Selalu bergerombol sampai belasan orang. Kalau ngomong seolah-olah rahang mereka tak bisa mengatup. Topik pembahasan beraneka ragam, namun jauh dari pembahasan yang berbobot.

Promosi Yos Sudarso Gugur di Laut Aru, Misi Gagal yang Memicu Ketegangan AU dan AL

Setidaknya begitu gambaran kehidupan (sebagian) mahasiswa di tengah gempuran budaya pop. Saat ini kampus tak hanya menjadi menara gading intelektual, namun juga bertransformasi menjadi pusat mode bagi kehidupan mahasiswa.

Banyak mahasiswa yang berubah setelah masuk kampus. Selera lidah, gaya berpakaian, maupun pergaulan berubah. Banyak di antara mereka berkiblat pada yang sedang ramai diperbincangkan di media sosial.
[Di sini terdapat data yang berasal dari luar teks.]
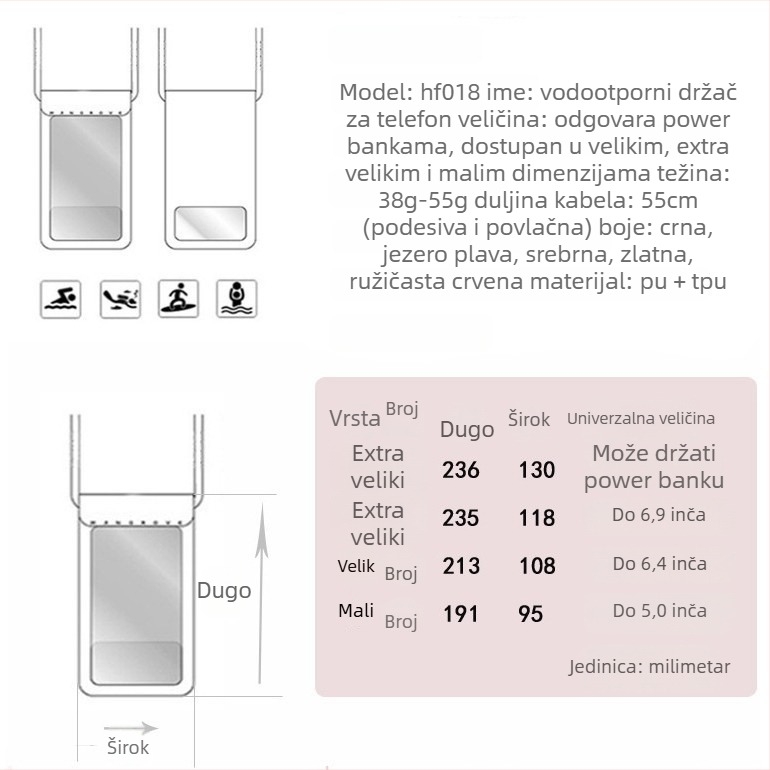 Vodootporna TPU torbica za telefon s dodirnim zaslonom, prilagodljivim logotipom, vodootpornom tkaninom za vanjsku upotrebu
Pada dasarnya (sebagian) mahasiswa hanya mengikuti selera pasar demi label keakuan dan agar tidak dipandang ketinggalan zaman. Sindiran telak dilantukan band Efek Rumah Kaca lewat tembang dengan judul Belanja Terus Sampai Mati.

akhir dari sebuah perjalanan / mendarat di sudut pertokoan / buang kepenatan.. / atas bujukan setan hasrat yang dijebak zaman / kita belanja terus sampai mati…
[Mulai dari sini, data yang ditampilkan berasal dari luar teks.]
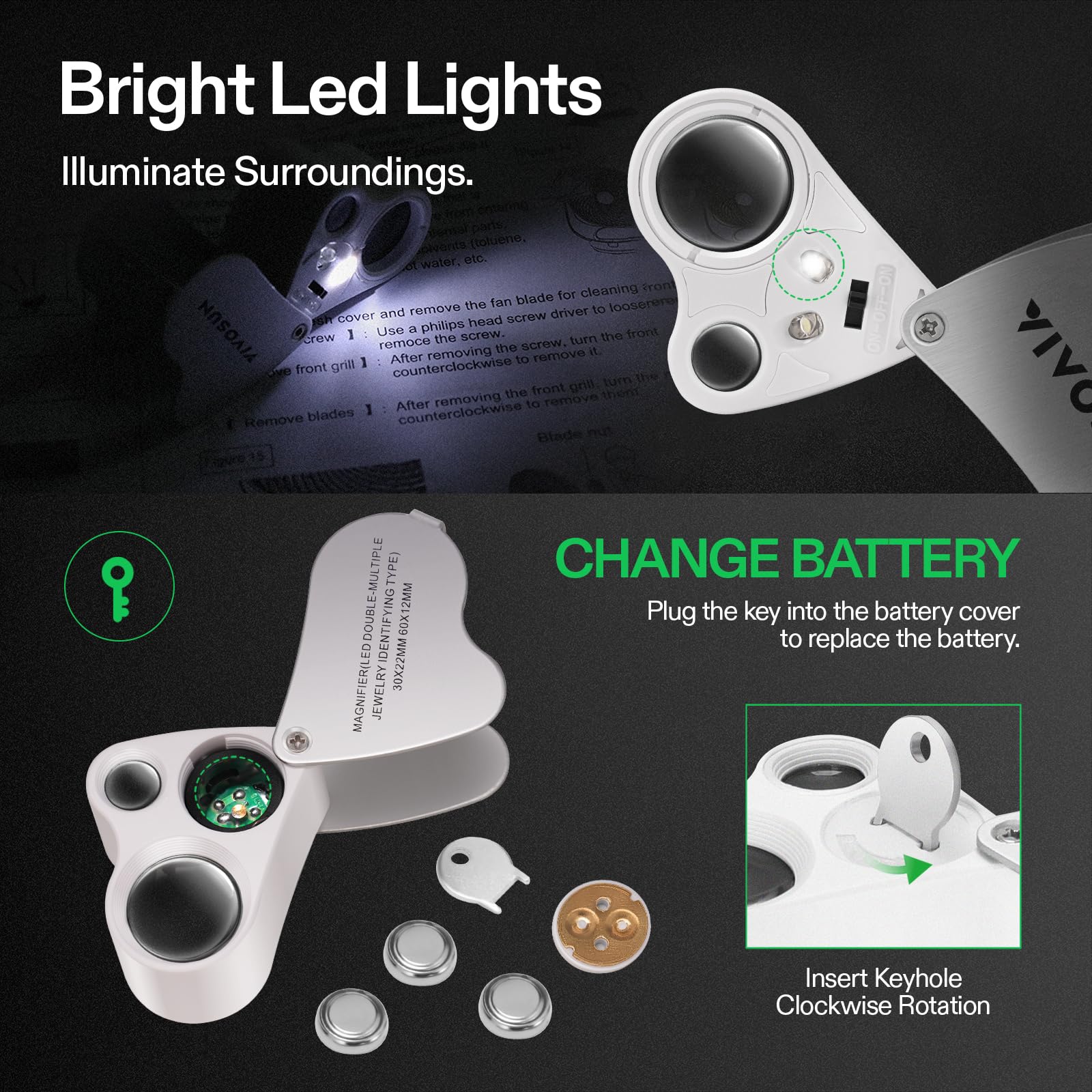 VIVOSUN 2-Pack 30X 60X Illuminated Jewelers Loupe with LED Light - Foldable Magnifying Glass for Jewelry, Gems, Watches, Coins & Stamp Collecting - Perfect for Hobbyists, Antique Appraisals & Close Inspection Work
Menghamburkan uang pada hal-hal demikian sah-sah saja untuk dilakukan, tetapi alangkah lebih bijak menentukan skala prioritas dan membelanjakan sesuai kebutuhan.

Kehidupan budaya pop bukanlah sesuatu yang baru di tengah hiruk pikuk kehidupan kampus. Mahasiswa sejak dahulu memiliki ketertarikan yang cukup besar untuk mengikuti mode di pasaran.

Majalah Gatra edisi 3 Januari 1998 menjelaskan, berdasarkan hasil survei tim majalah tersebut, pengeluaran untuk jajan menjadi prioritas utama (49,4%) disusul pengeluaran untuk nongkrong (30,8%) mengisi waktu luang mereka.

Hanya sedikit untuk membeli peralatan penunjang pembelajaran (19,5%). Ironis memang. Hedonisme mahasiswa pada akhirnya menggerus budaya intelektual di dalam kampus.

Mahasiswa saat ini mulai kehilangan obrolan bermutu. Tak terdengar lagi hiruk pikuk diskusi di kalangan mahasiswa seperti yang digambarkan Leila S. Chudori dalam novel Laut Bercerita (2017).

Ketika kita menelisik cerita terdahulu, para filsuf berkumpul di kafetaria untuk mendiskusikan aneka masalah. Jean Paul Sartre dan Simone De Beauvoir mendiskusikan berbagai masalah dan memunculkan banyak ide di  Les Deux Magots.

Konon revolusi Prancis bermula dari obrolan kecil para aktivis kemerdekaan Prancis di kafetaria. Kafetaria yang sebelumnya menjadi tempat paling demokratis kini berubah menjadi tempat penuh omong kosong.

Tan Malaka dalam buku Madilog (2022) pernah berkata selama toko buku ada, selama itu pustaka bisa terbentuk kembali. Kalau perlu dan memang perlu pakaian dan makanan dikurangi.

Sangat kontras dengan yang terjadi hari ini. Kebutuhan perut dan rasa ingin terlihat fashionable mengalahkan rasa ingin mengasah kecerdasan. Tan Malaka juga pernah berkata tujuan pendidikan untuk mempertajam kecerdasan.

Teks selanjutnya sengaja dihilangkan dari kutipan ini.